**Dataset records**
◆ ◆ ◆ ◆ ◆ ◆ ◆

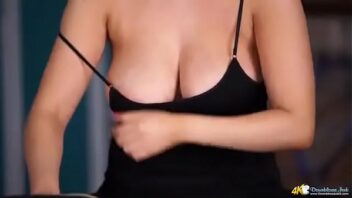Hot Boobs Cleavage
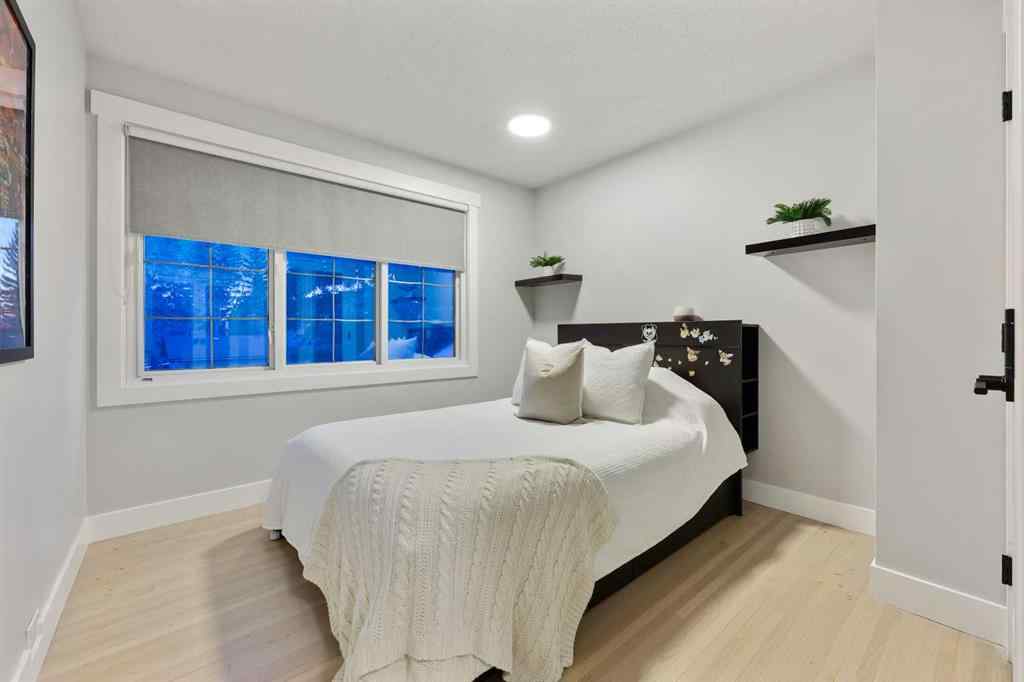 MLS® A2265164 - 3224 Conrad Drive NW in Charleswood Calgary, Residential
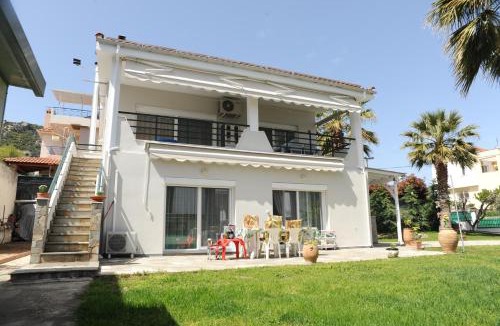 Nea Iraklitsa House | Nautilus 1st floor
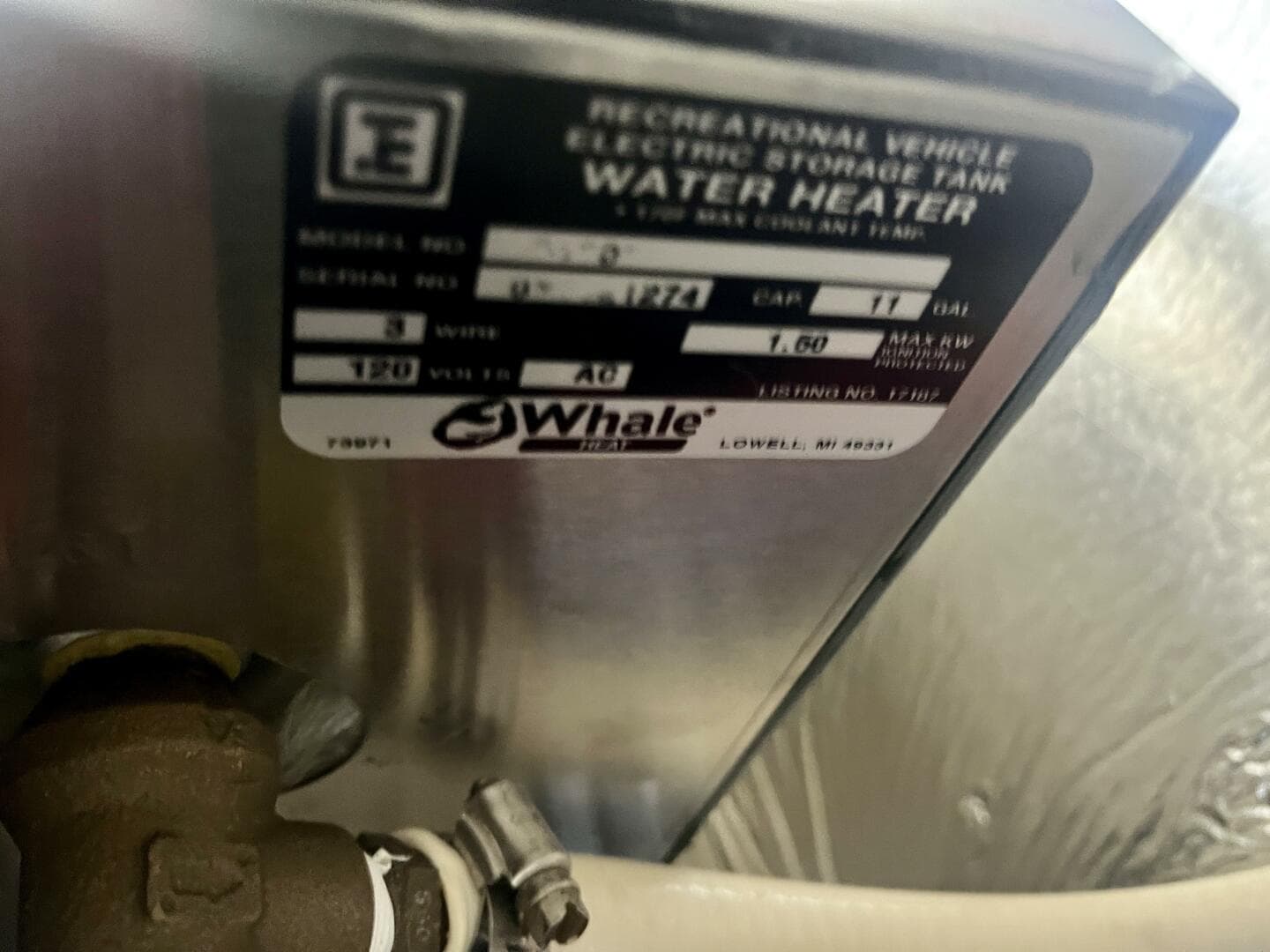 2016 Cruisers Yachts 45 Cantius — photo 43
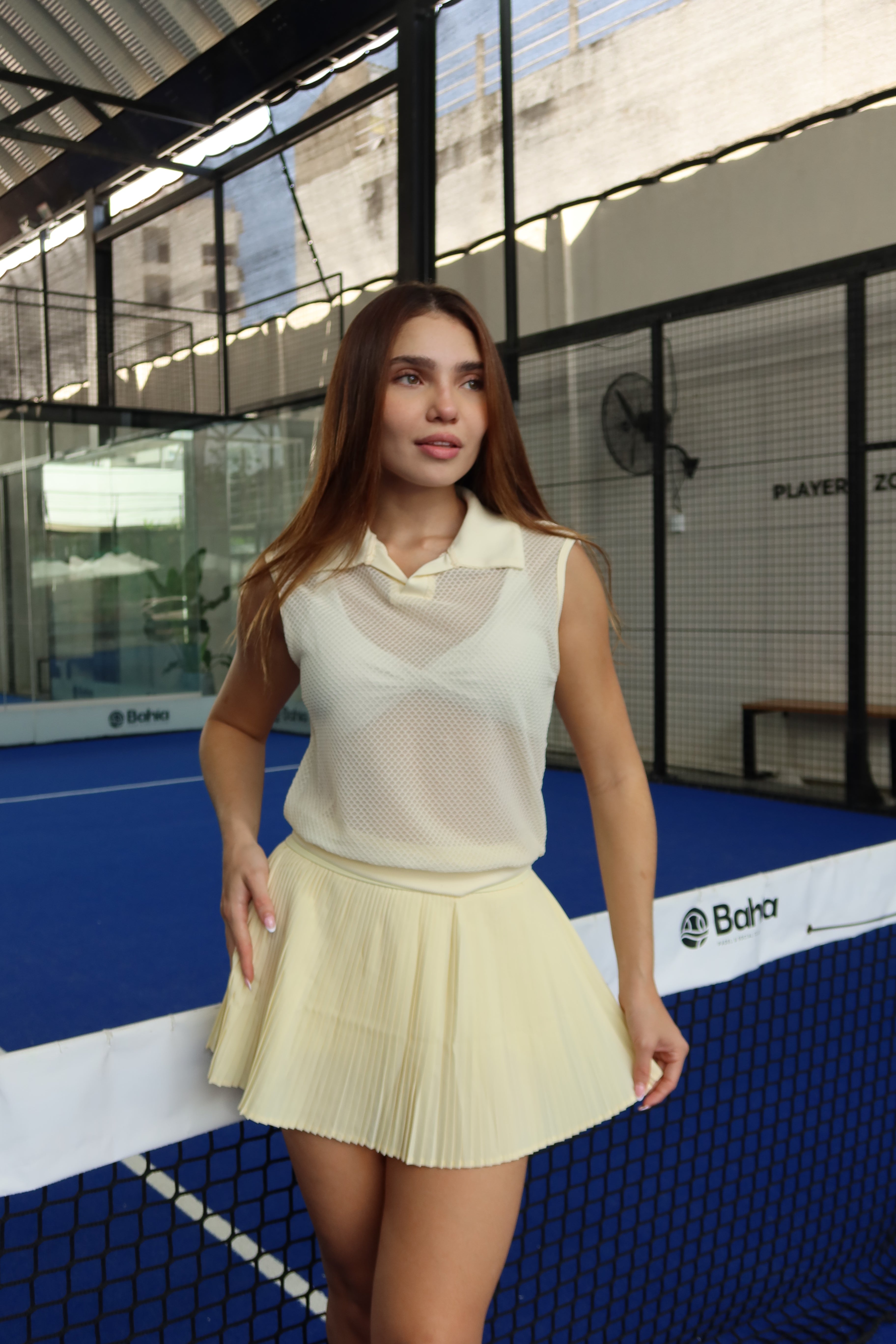 Mujer con falda de pádel Naar de Fit Zone, vista frontal en estudio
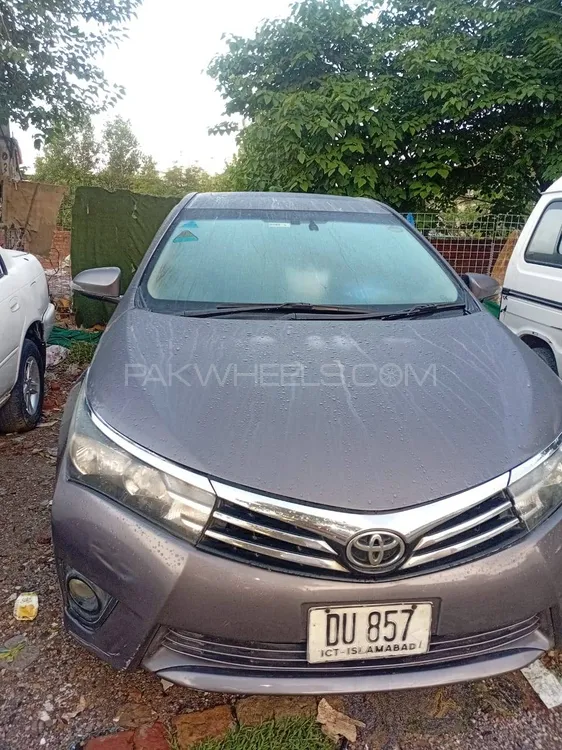 Toyota Corolla 2015 for Sale in Islamabad Image-1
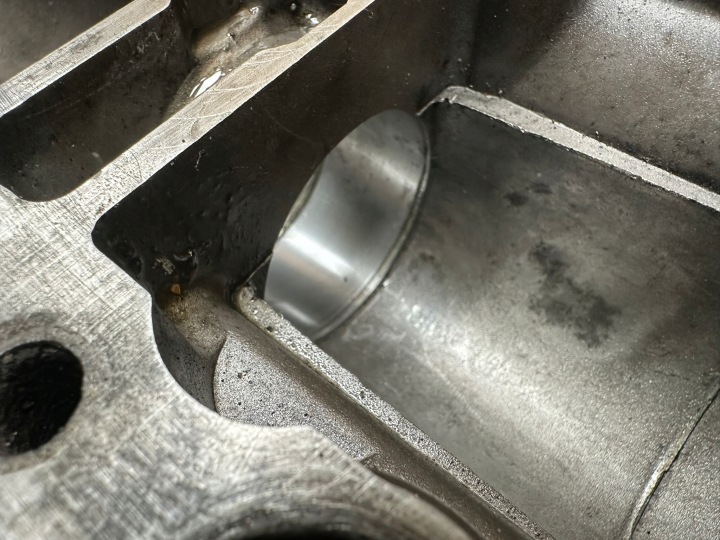 фото №10, Крышка клапанов iveco ducato 3.0 hdi 504166567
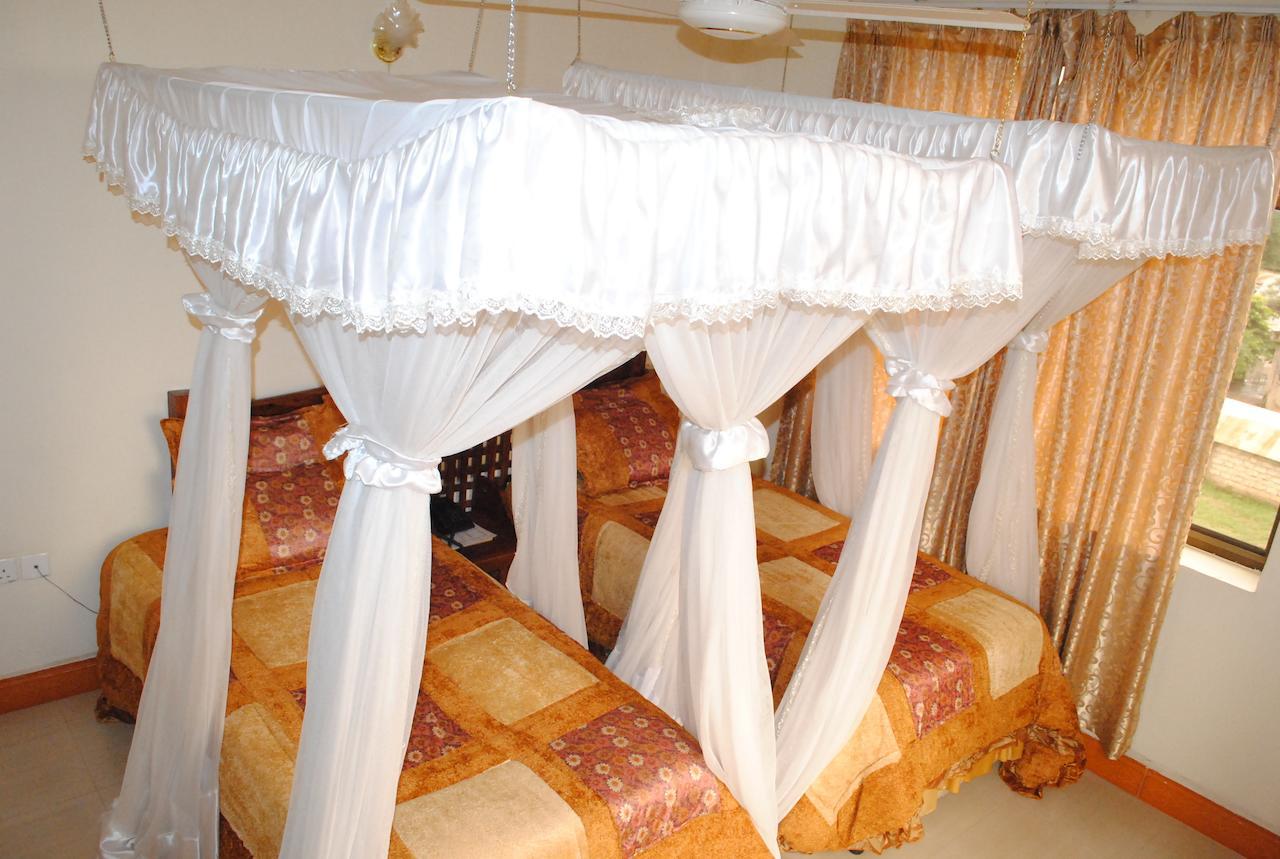 Briston Hotel アルーシャ 部屋 写真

◆ ◆ ◆ ◆ ◆ ◆ ◆

**Work instructions**
Pictures aside, transcribe exactly the lines from the line containing "Toyota Corolla 2015" through the final line of the material above.

**Exercise output**
 Toyota Corolla 2015 for Sale in Islamabad Image-1
 фото №10, Крышка клапанов iveco ducato 3.0 hdi 504166567
 Briston Hotel アルーシャ 部屋 写真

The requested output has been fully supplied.